* _Work instructions_:
What you write must be the listing below in full, word for word, minus its pictures.

* _Dataset extract_:
*****

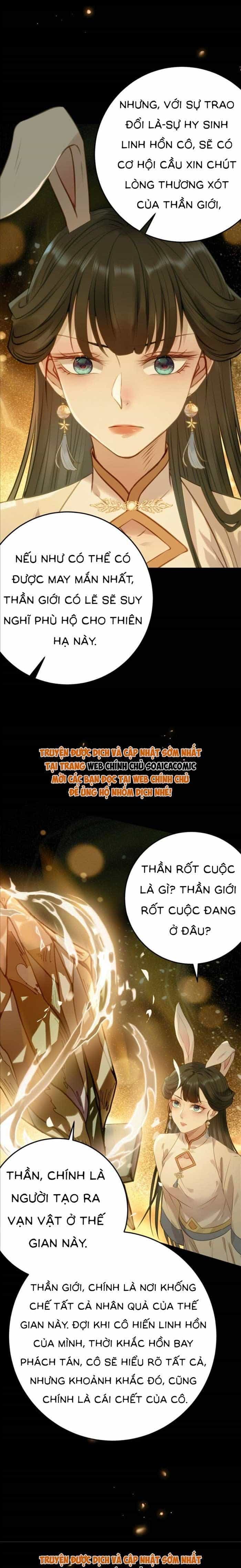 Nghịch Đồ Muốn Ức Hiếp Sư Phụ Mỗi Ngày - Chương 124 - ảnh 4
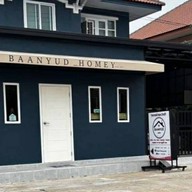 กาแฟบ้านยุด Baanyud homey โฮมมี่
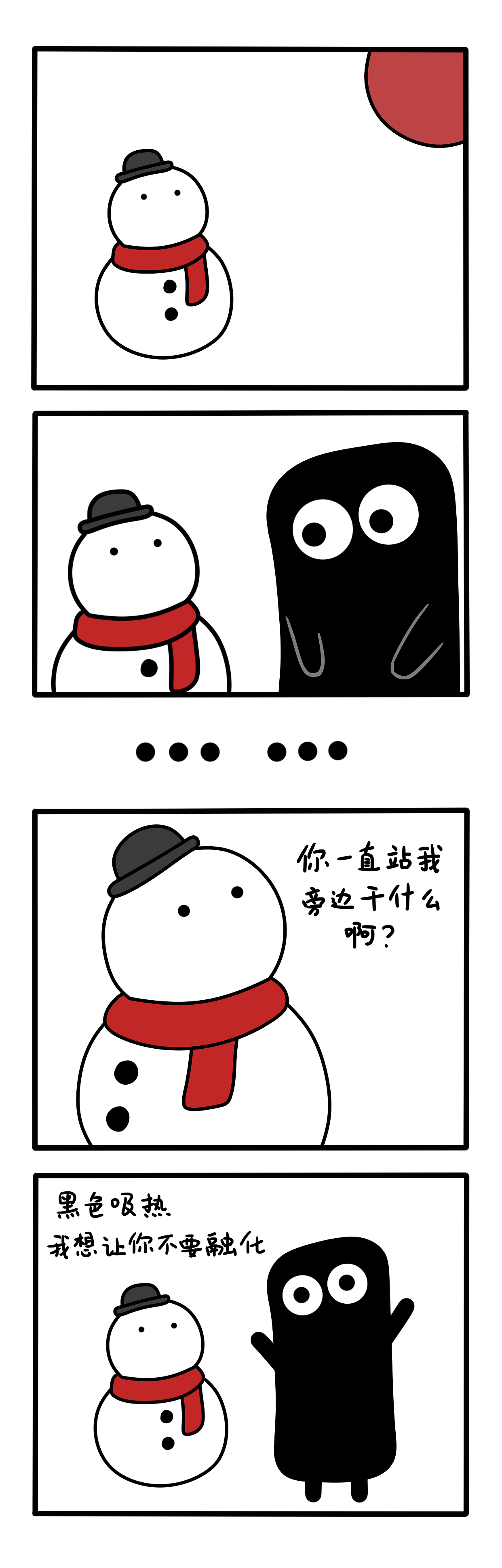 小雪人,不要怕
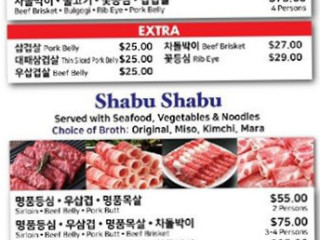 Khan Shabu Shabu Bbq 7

*****

* _Result for this exercise_:
 Nghịch Đồ Muốn Ức Hiếp Sư Phụ Mỗi Ngày - Chương 124 - ảnh 4
 กาแฟบ้านยุด Baanyud homey โฮมมี่
 小雪人,不要怕
 Khan Shabu Shabu Bbq 7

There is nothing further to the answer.